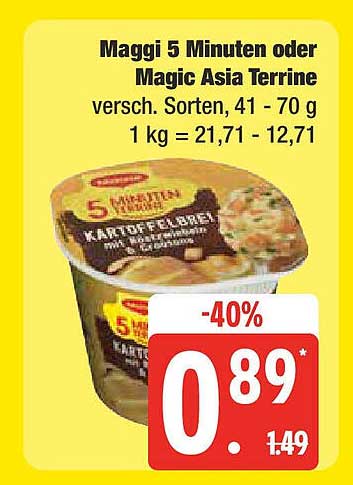 Maggi 5 Minuten oder Magic Asia Terrine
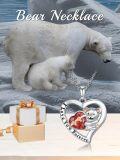 wholesale 925 Sterling Silver Teddy Bear Heart Pendant Necklace for Women-0-4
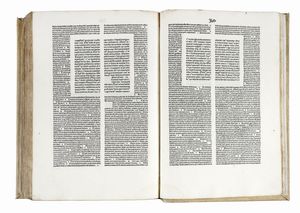 NICOLAUS DE LYRA : [Biblia latina] Prologus primus Venerabilis fratris Nicolai de Lyra ordinis seraphyci francisci: in Testamentum vetus de commendatione Sacrae scripture in generali incipit.  - Asta Libri, autografi e manoscritti - Associazione Nazionale - Case d'Asta italiane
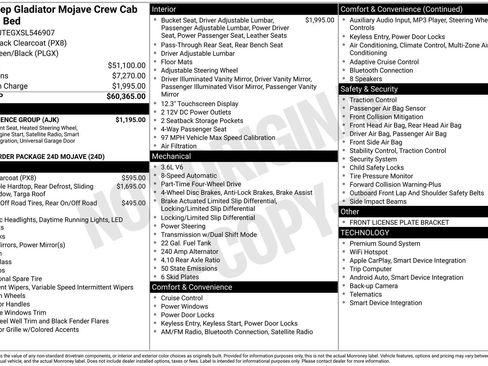 New 2025 Jeep Gladiator Mojave w/ Convenience Group AWD/4WD image 4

....................

> **TASK DETAILS**: All the lines above must be written out exactly, without a single picture.

> **ANSWER SPACE**:
 Maggi 5 Minuten oder Magic Asia Terrine
 wholesale 925 Sterling Silver Teddy Bear Heart Pendant Necklace for Women-0-4
 NICOLAUS DE LYRA : [Biblia latina] Prologus primus Venerabilis fratris Nicolai de Lyra ordinis seraphyci francisci: in Testamentum vetus de commendatione Sacrae scripture in generali incipit.  - Asta Libri, autografi e manoscritti - Associazione Nazionale - Case d'Asta italiane
 New 2025 Jeep Gladiator Mojave w/ Convenience Group AWD/4WD image 4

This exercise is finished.